Moreover, one often makes a judgment on what is “best” by eliminating from the list of contestants all those that one did not like so well, therefore arriving at a winner by a process of winnowing. As my remarks on each of the six books probably suggest, I would rank them in the following order, beginning with my “personal best.” If you want to know why I ranked them this way, I refer you to the six previous blog posts in which I discuss them.
1. Edna O’Brien, Saints and Sinners
2. Yiyun Li, Gold Boy, Emerald Girl
3. Suzanne Rivecca, Death is Not an Option
4. Alexander MacLeod, Light Lifting
5. Colm Tóibín, The Empty Family
6. Valerie Trueblood, Marry or Burn
But let’s be honest. Other considerations come into play when making a so-called critical judgment on what is “best.” Although I liked Yiyun Li’s Gold Boy, Emerald Girl, I would be reluctant to give her the prize a second time. Both Suzanne Rivecca and Alexander MacLeod’s collections are uneven, it seems to me; although some stories are very strong, others seem self-indulgent and hurried. Besides, Li, Rivecca, and MacLeod are young enough to still have time to prove themselves “worthy,” as it were. Colm Tóibín and Valerie Trueblood may be good novelists, but they are not, it seems to me, good short story writers.
By choosing Edna O’Brien, I may well be influenced by other, more extraneous considerations.
*She may be the “hometown favorite,” as it were; no one from Ireland has won this very Irish prize.

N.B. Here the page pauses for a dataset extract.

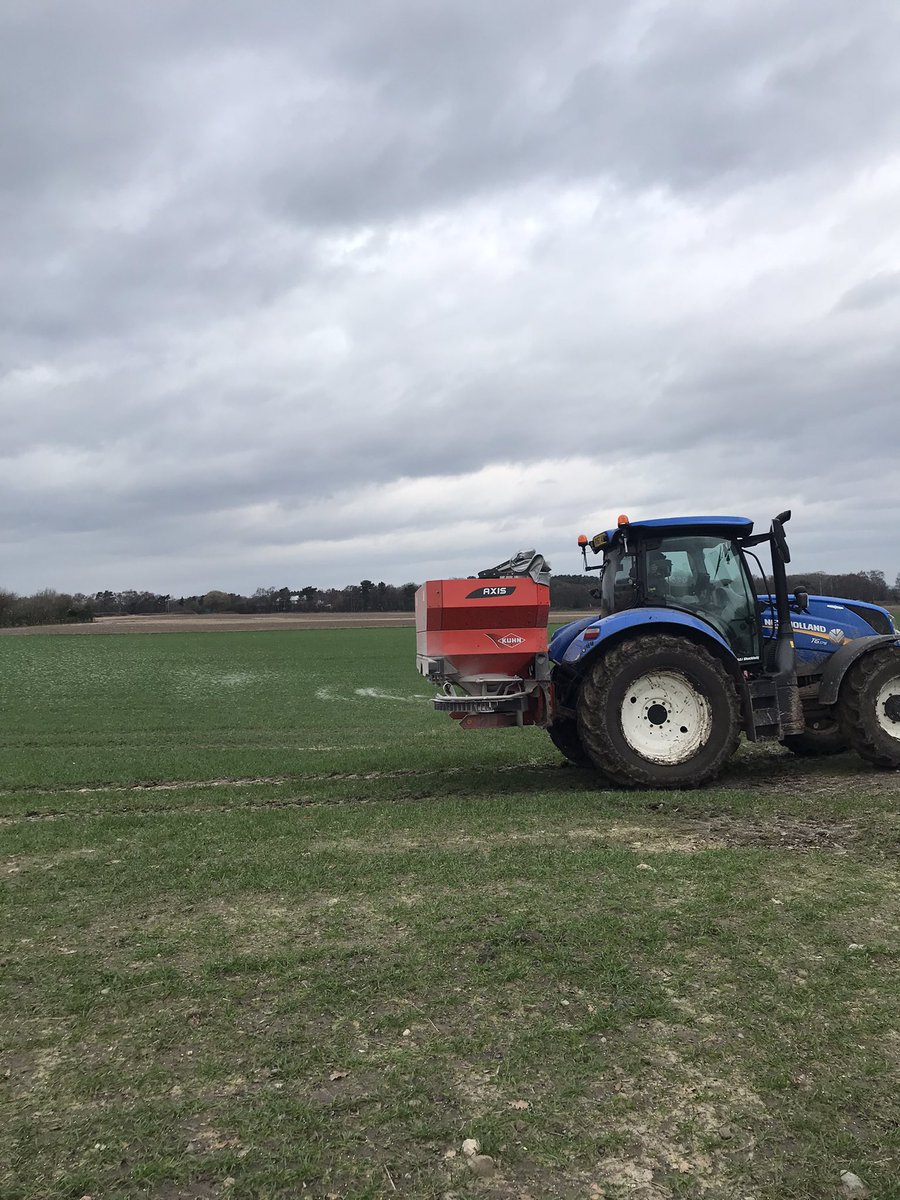 temple_phil's tweet photo. N &amp; S going on Graham ww, good spread pattern👍@cffertilisers @FrontierAg @MalpasTractors @KUHN_UK @SyngentaCropsUK https://t.co/PMiPojacIa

And Colm Tóibín has already won important prizes for his novels.
*Because of her age, she may well be the sentimental favorite; she is 81, still elegantly working, and she has not won many prizes.

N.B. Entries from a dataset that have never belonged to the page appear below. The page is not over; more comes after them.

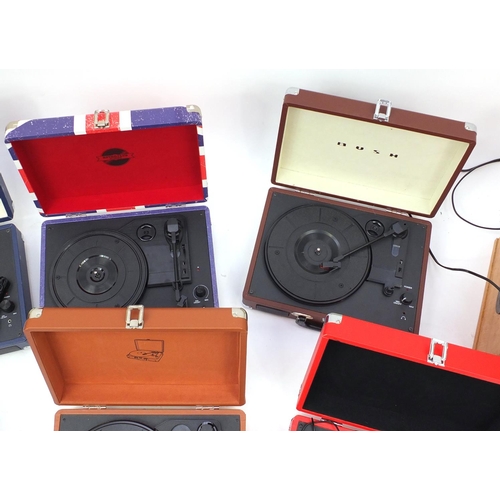 550 - Ten record players including Retro and Steepletone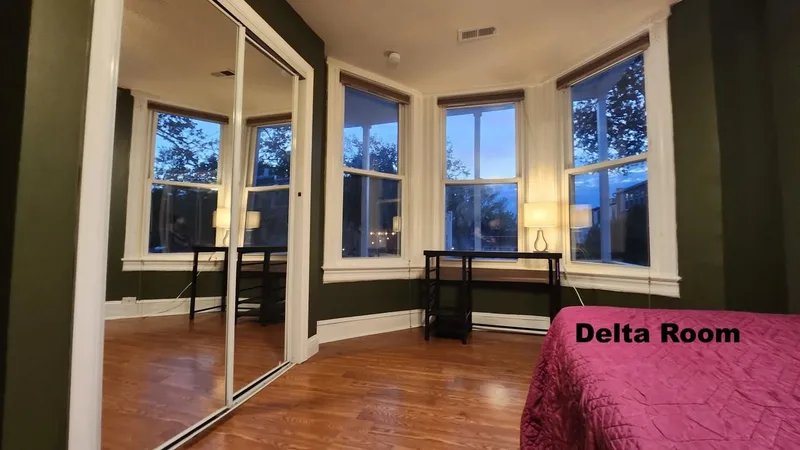 Spacious private room in West LA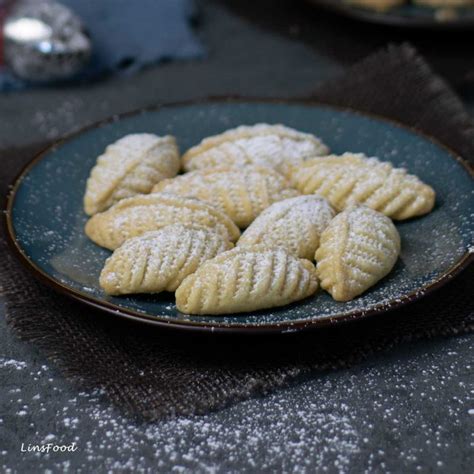 Traditional Kuih Makmur (Malay Peanut Filled Eid Cookies)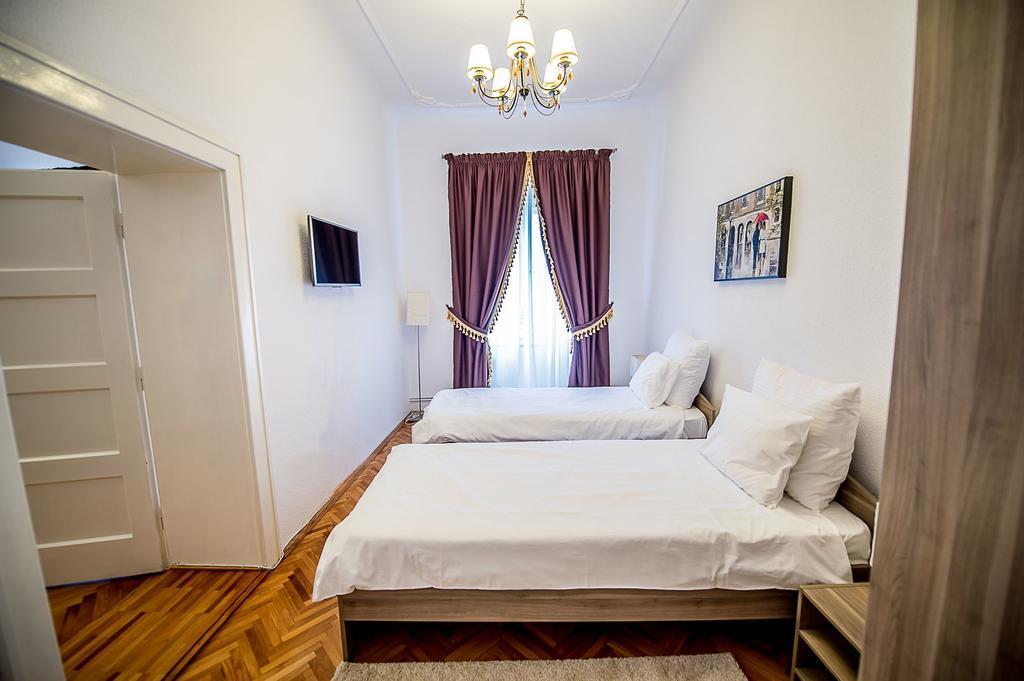 Apartament Piata Mica Sibiu Habitación foto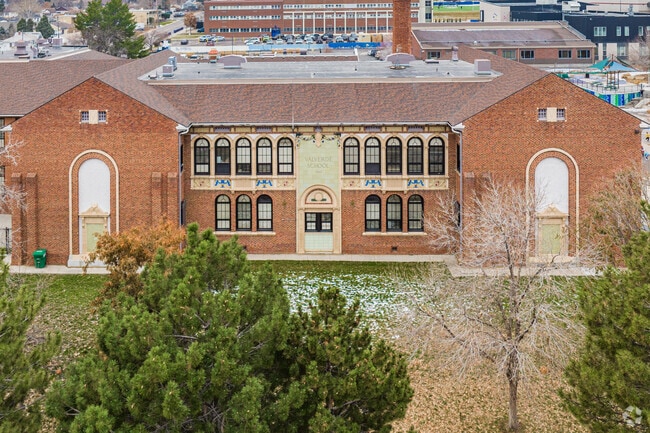 Valverde Elementary School building.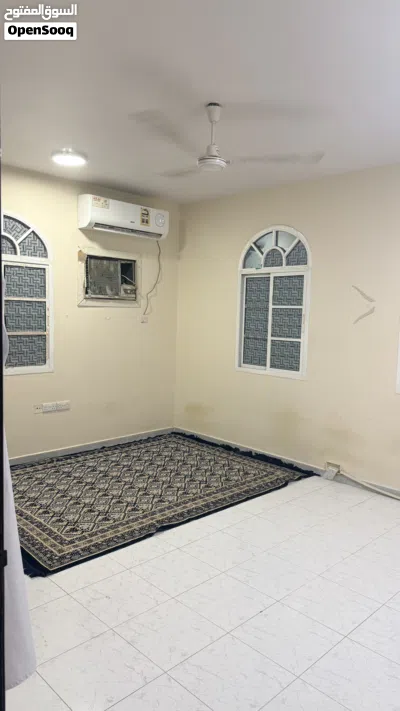 غرفه للايجار في الخوير بجنب جامعة التقنيه بمسقط مباشرا مع الحمام الخاص ومطبخ شامل كل شي 2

*Because she was treated so shabbily by Irish priests and critics as a “bad girl” when her first books came out, she may very well be due for some recompense; the priests do not have the control over the morals of the country as they once did.
It is fortunate that aside from these “personal” considerations, in my opinion, her book is overall the “best” book in the six shortlisted entries in the Frank O’Connor International Short Story Award.I wish Edna O’Brien much luck in the competition. I look forward to the announcement this Sunday of the winner of The Frank O’Connor International Short Story Award.